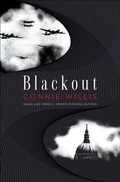 Cover: Blackout - Spectra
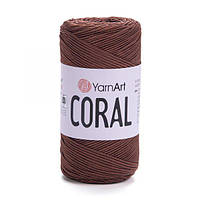 Пряжа Yarnart Coral 1905 (Ярнарт Корал)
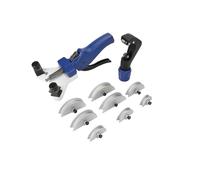 Cintreuse à Tube Kit d'outils de cintrage manuel for tubes en cuivre 5 à 12 mm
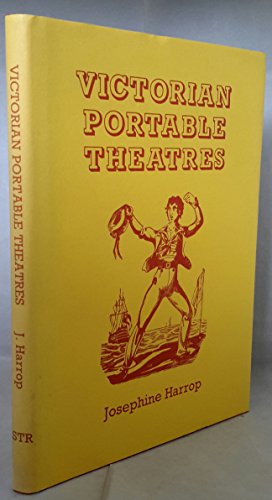 9780854300471: Victorian Portable Theatres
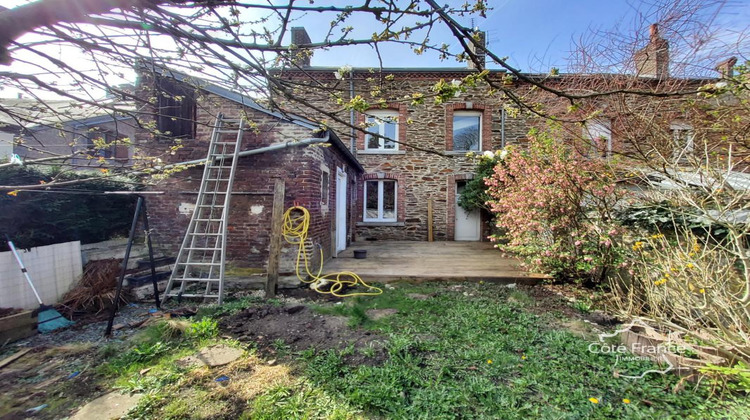 Ma-Cabane - Vente Maison REVIN, 147 m²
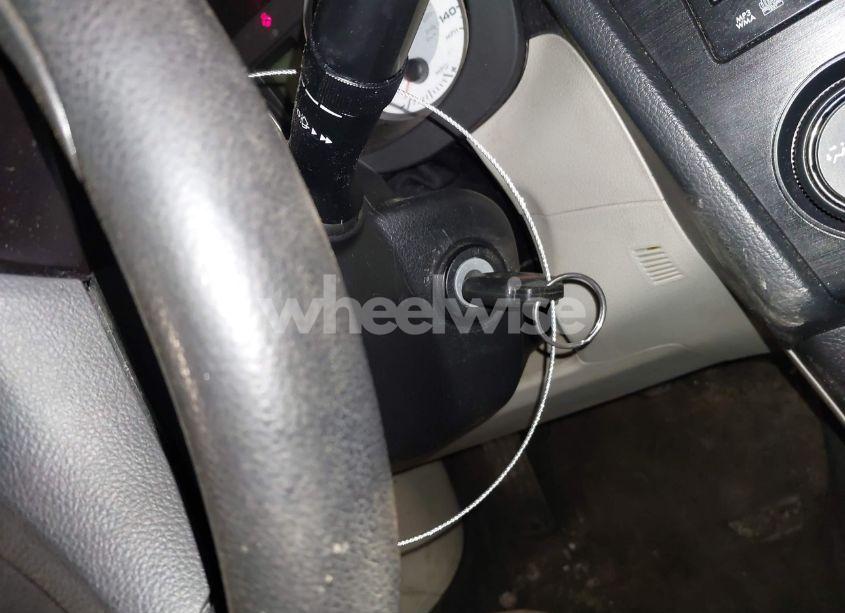 Photo 11 of 2013 Subaru Impreza 2.0I (VIN JF1GJAA64DG004902)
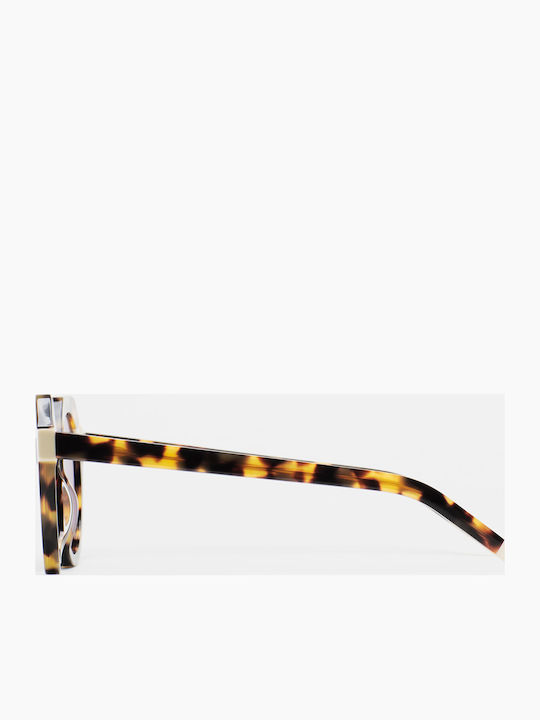 Kaleos Kids Sunglasses Brown EVERS 4
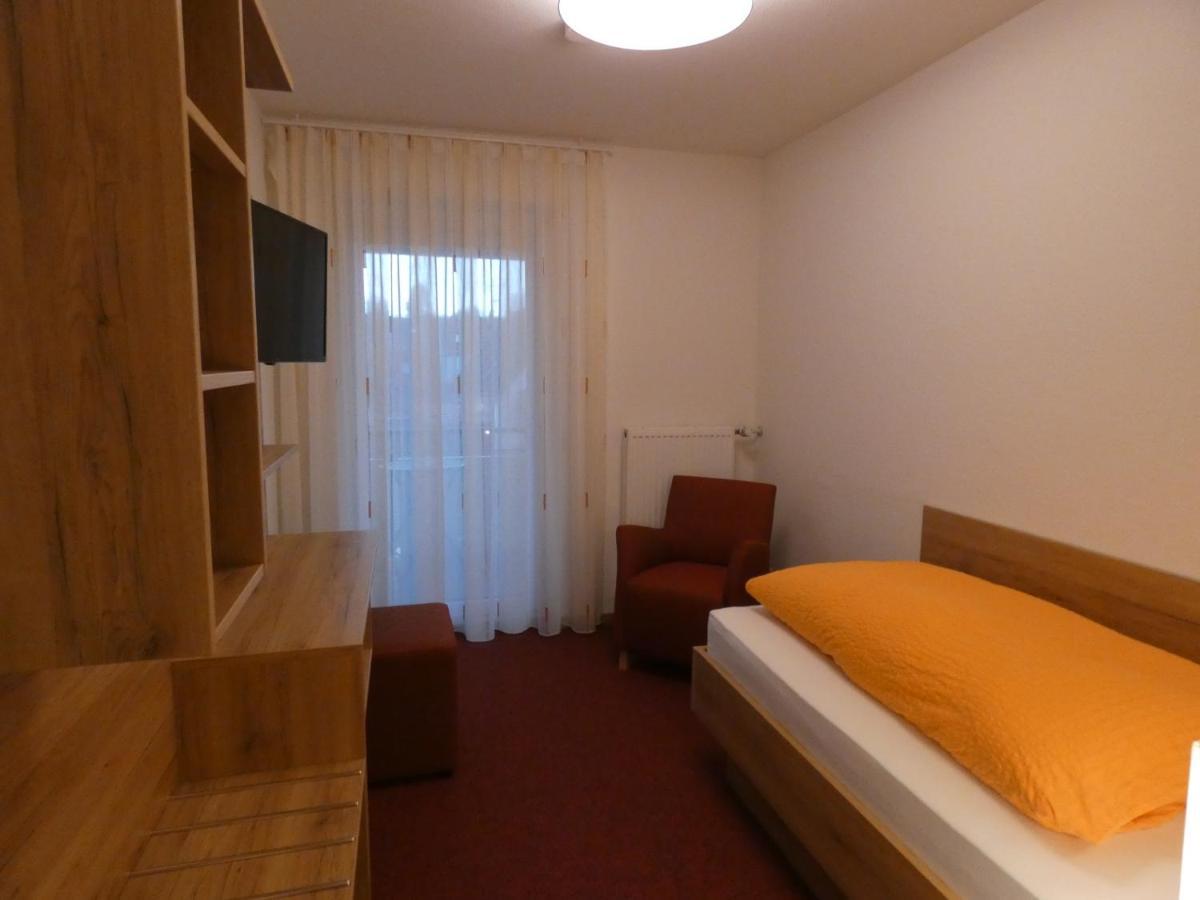 Gasthof Zum Engel Döttingen エクステリア 写真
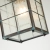 Lampa wisząca zewnętrzna NANTUCKET QN-NANTUCKET8-M-AS - Quintiesse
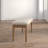 Dukinfield Upholstered Bench-1292326985-1238188907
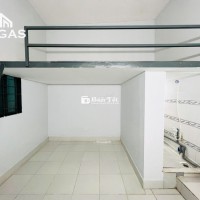 Phòng Gác Cao, Ban Công, Máy Lạnh, Ngay KCN Tân Bình, Trường Chinh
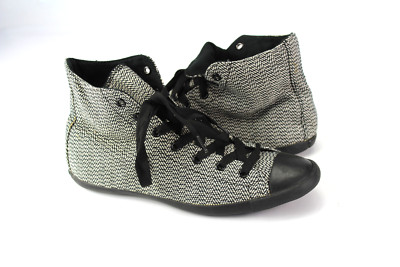 Converse Allstar Gr.41  Damen Schürschuhe Slipper Sneaker   TOP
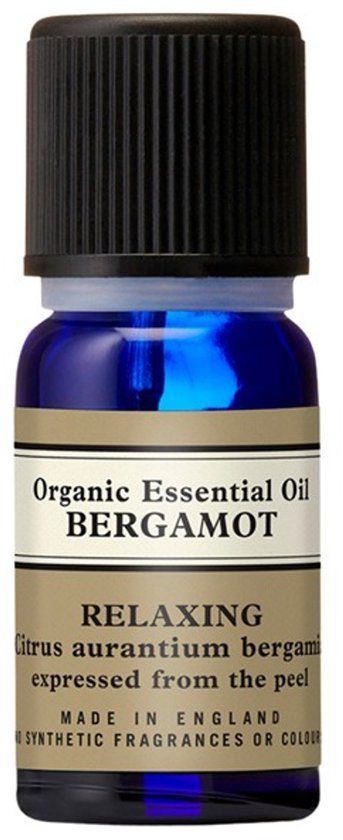 Neal's Yard Remedies Bergamot Organic EO (10 ml)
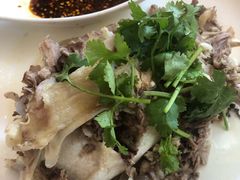 富贵笑脸-桂缘味道·武夷乡土农家老味道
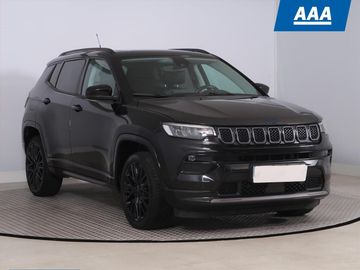 4xe, 4X4, Automat, Serv.kniha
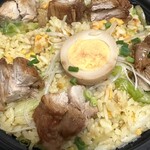 昇龍園 - 料理写真:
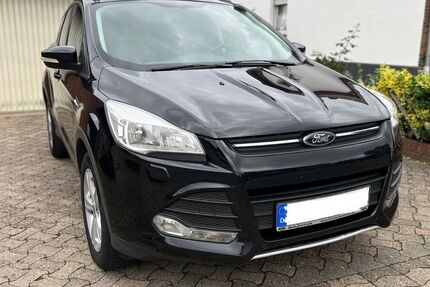 Ford Kuga 150.000 km 5.000 &euro; Düren 52349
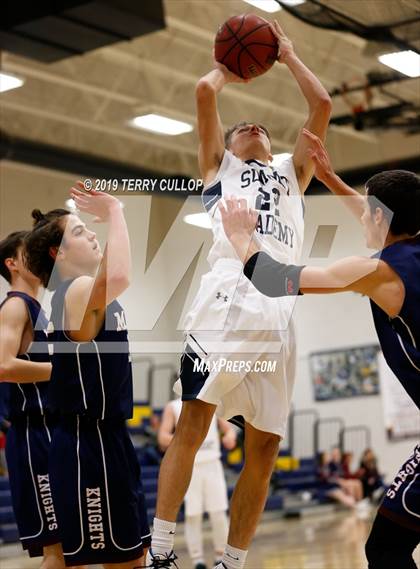 Thumbnail 3 in Merit College Preparatory Academy @ Summit Academy photogallery.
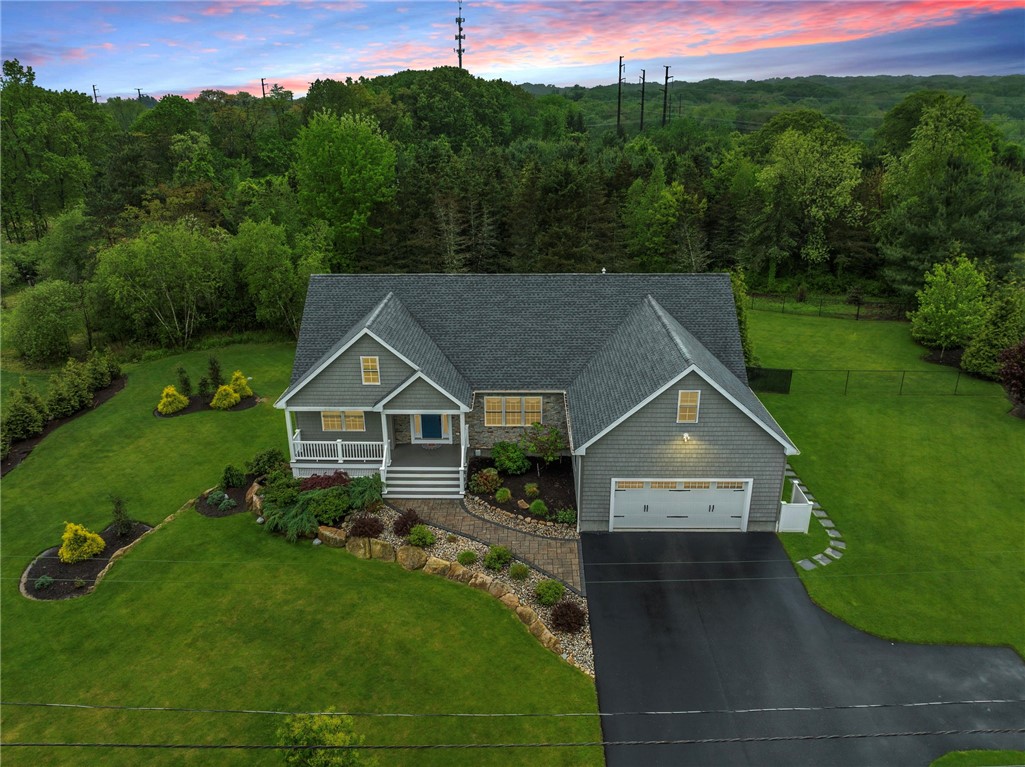 1351 Pippin Orchard Road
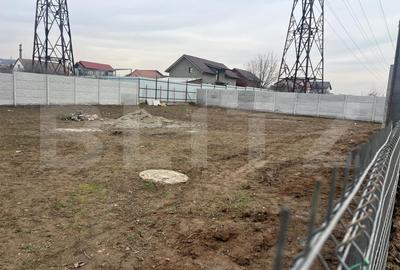 Teren Construcții intravilan de 600 mp, în Bariera Vâlcii - 3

========================

Give the entries above again in full and exactly, but not the pictures.

 Cover: Blackout - Spectra
 Пряжа Yarnart Coral 1905 (Ярнарт Корал)
 Cintreuse à Tube Kit d'outils de cintrage manuel for tubes en cuivre 5 à 12 mm
 9780854300471: Victorian Portable Theatres
 Ma-Cabane - Vente Maison REVIN, 147 m²
 Photo 11 of 2013 Subaru Impreza 2.0I (VIN JF1GJAA64DG004902)
 Kaleos Kids Sunglasses Brown EVERS 4
 Gasthof Zum Engel Döttingen エクステリア 写真
 Lampa wisząca zewnętrzna NANTUCKET QN-NANTUCKET8-M-AS - Quintiesse
 Dukinfield Upholstered Bench-1292326985-1238188907
 Phòng Gác Cao, Ban Công, Máy Lạnh, Ngay KCN Tân Bình, Trường Chinh
 Converse Allstar Gr.41  Damen Schürschuhe Slipper Sneaker   TOP
 Neal's Yard Remedies Bergamot Organic EO (10 ml)
 富贵笑脸-桂缘味道·武夷乡土农家老味道
 4xe, 4X4, Automat, Serv.kniha
 昇龍園 - 料理写真:
 Ford Kuga 150.000 km 5.000 &euro; Düren 52349
 Thumbnail 3 in Merit College Preparatory Academy @ Summit Academy photogallery.
 1351 Pippin Orchard Road
 Teren Construcții intravilan de 600 mp, în Bariera Vâlcii - 3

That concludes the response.